Items listed in a dataset
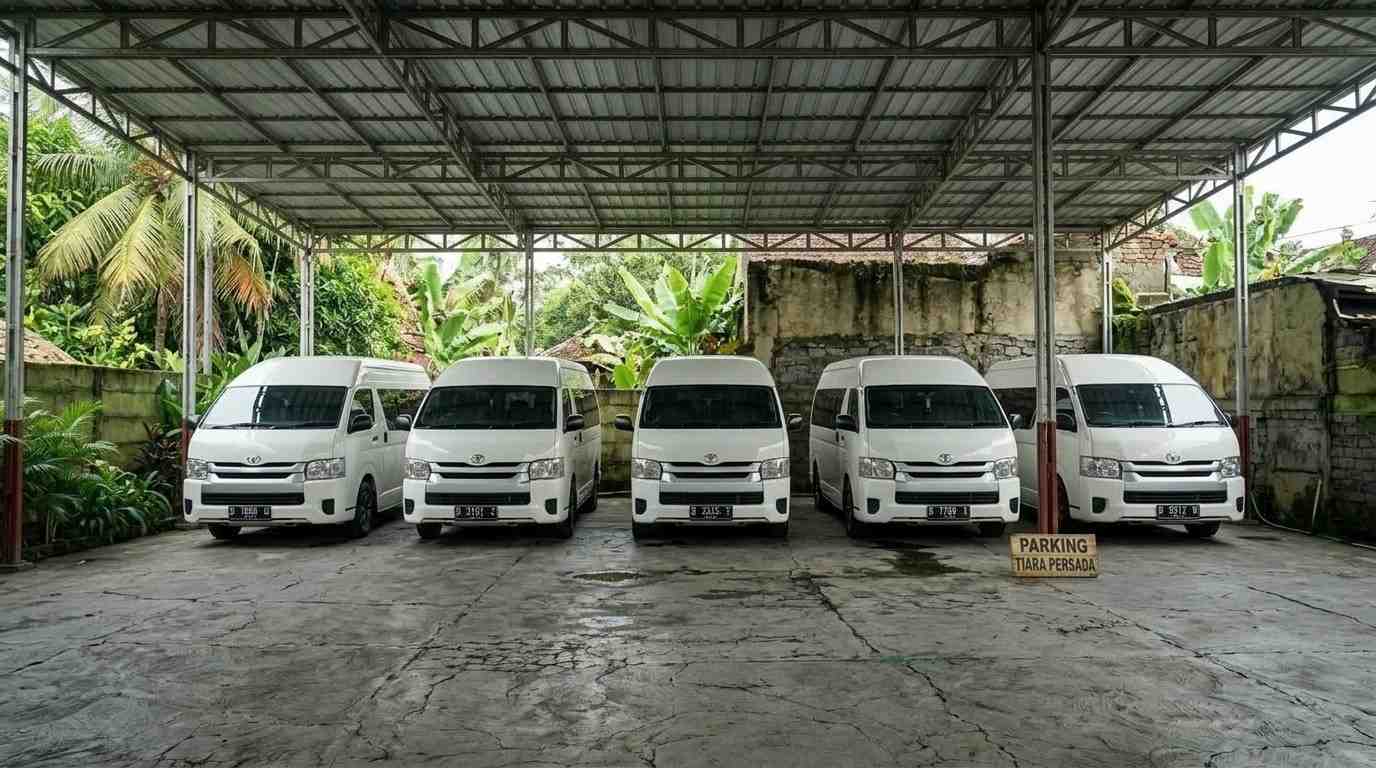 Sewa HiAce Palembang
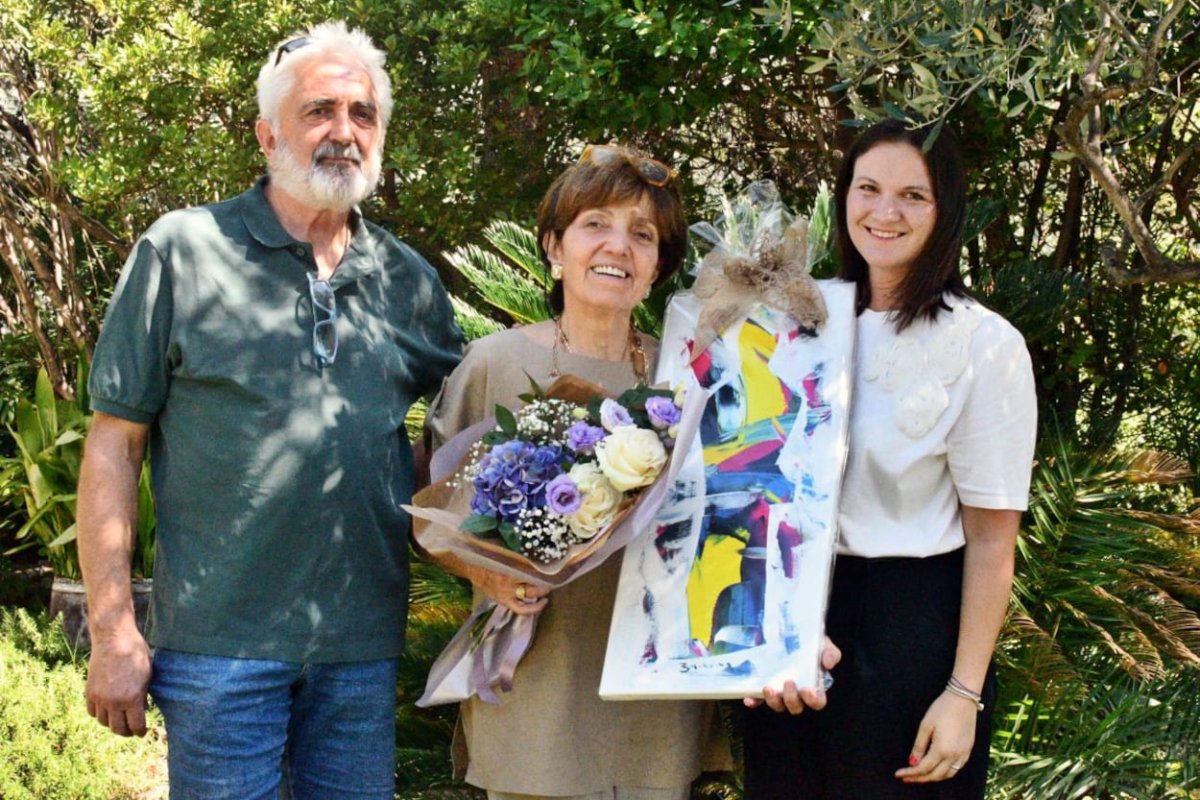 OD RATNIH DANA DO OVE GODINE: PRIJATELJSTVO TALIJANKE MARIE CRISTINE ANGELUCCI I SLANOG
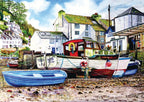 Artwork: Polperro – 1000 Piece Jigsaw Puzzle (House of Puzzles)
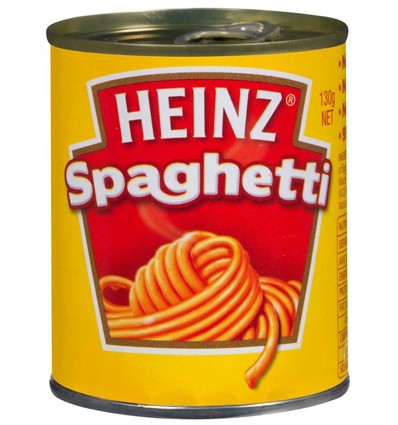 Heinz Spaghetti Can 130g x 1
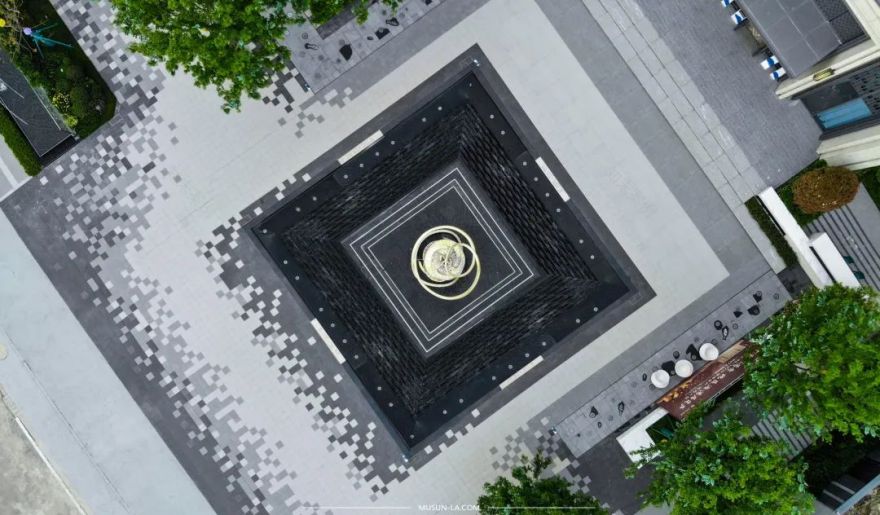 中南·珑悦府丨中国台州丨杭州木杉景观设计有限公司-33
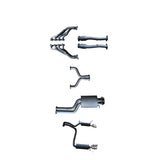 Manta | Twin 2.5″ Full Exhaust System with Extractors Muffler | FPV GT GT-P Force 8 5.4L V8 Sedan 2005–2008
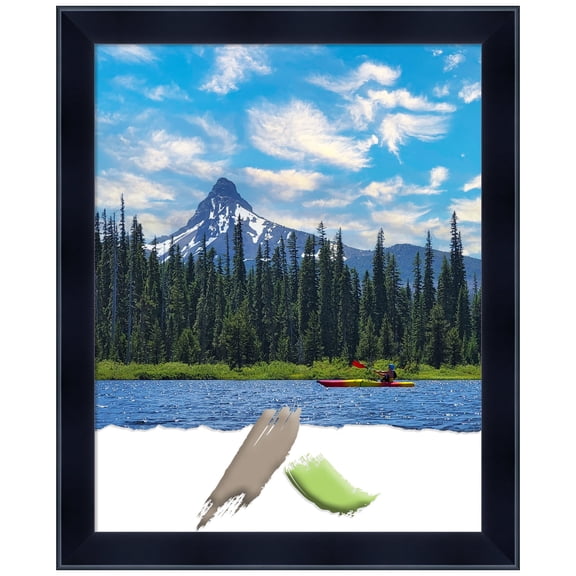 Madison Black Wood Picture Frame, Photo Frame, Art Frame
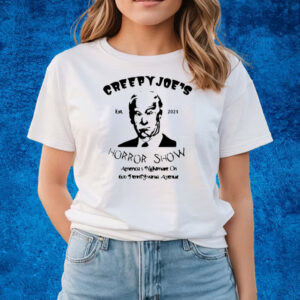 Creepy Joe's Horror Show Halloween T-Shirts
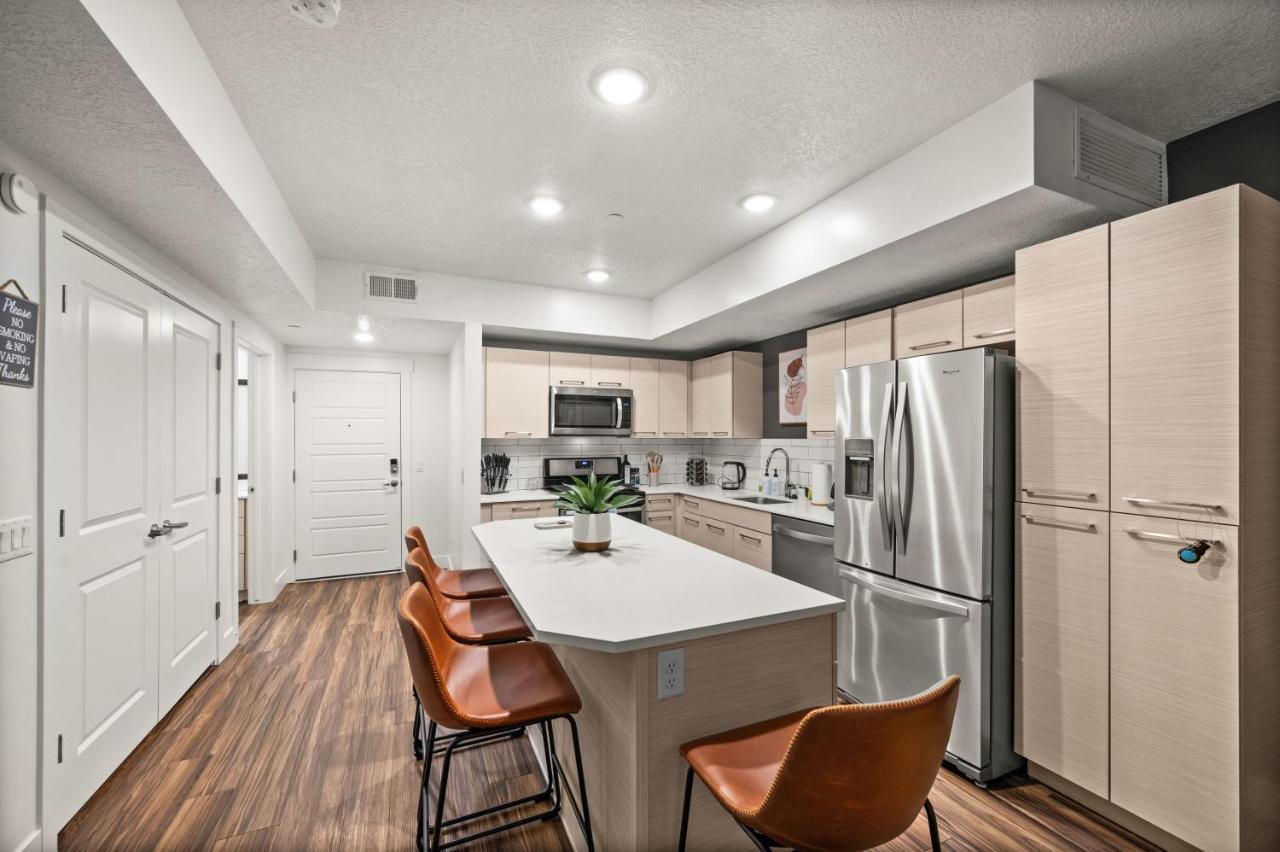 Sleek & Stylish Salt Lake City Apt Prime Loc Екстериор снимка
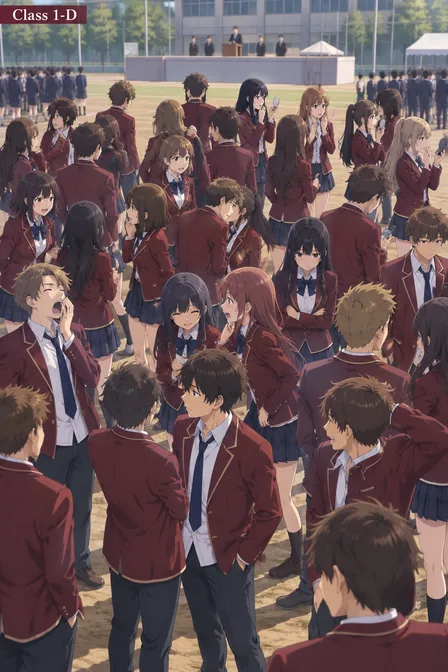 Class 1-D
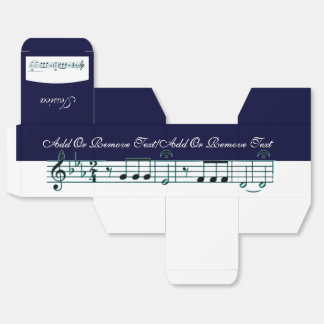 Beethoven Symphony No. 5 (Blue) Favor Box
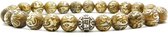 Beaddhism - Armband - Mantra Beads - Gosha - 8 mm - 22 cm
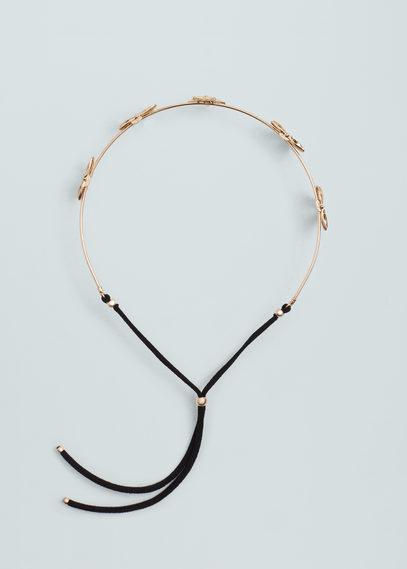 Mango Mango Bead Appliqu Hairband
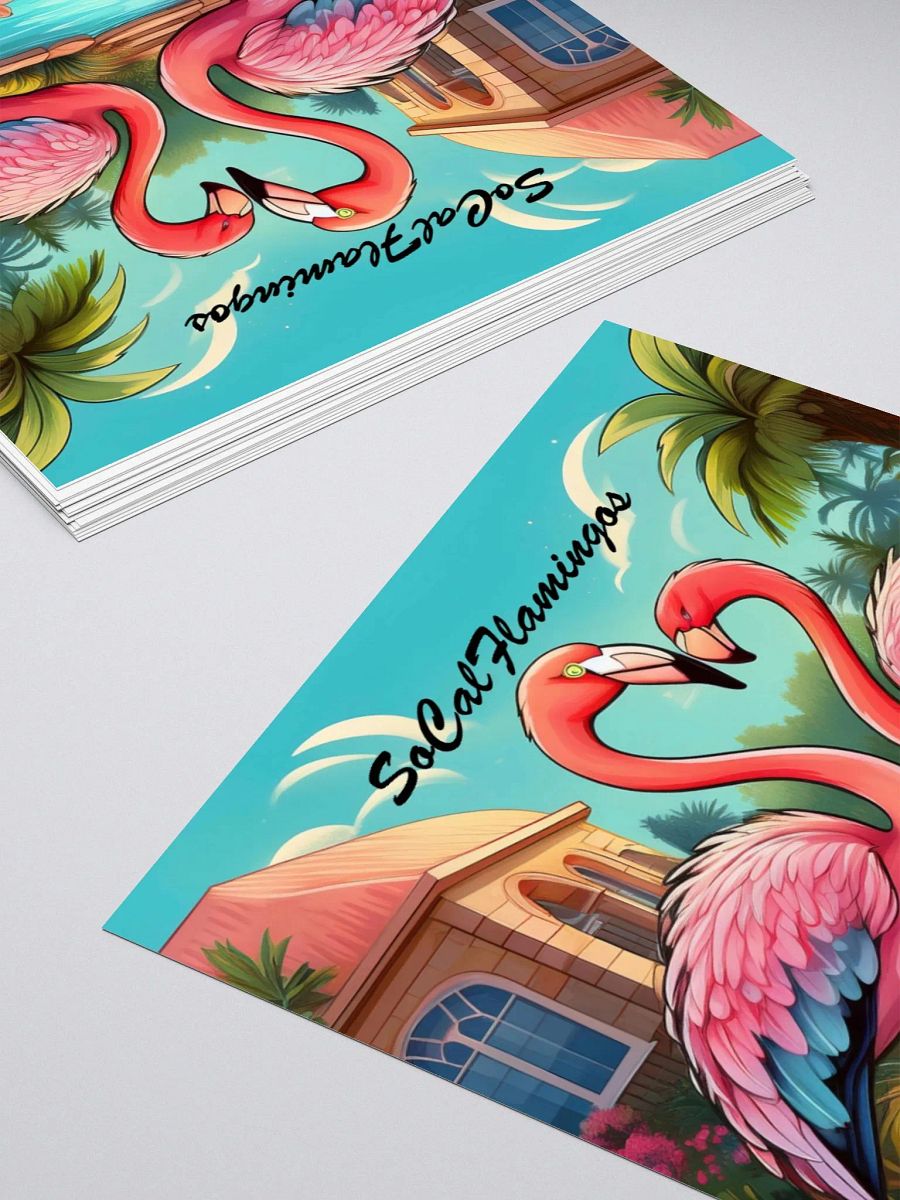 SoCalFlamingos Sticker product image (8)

→ Problem to work on
Leave out all pictures and retype precisely the lines that run from the line containing "Creepy Joe's Horror Show Halloween T-Shirts" to the last line of the records.

→ Reply to the exercise
 Creepy Joe's Horror Show Halloween T-Shirts
 Sleek & Stylish Salt Lake City Apt Prime Loc Екстериор снимка
 Class 1-D
 Beethoven Symphony No. 5 (Blue) Favor Box
 Beaddhism - Armband - Mantra Beads - Gosha - 8 mm - 22 cm
 Mango Mango Bead Appliqu Hairband
 SoCalFlamingos Sticker product image (8)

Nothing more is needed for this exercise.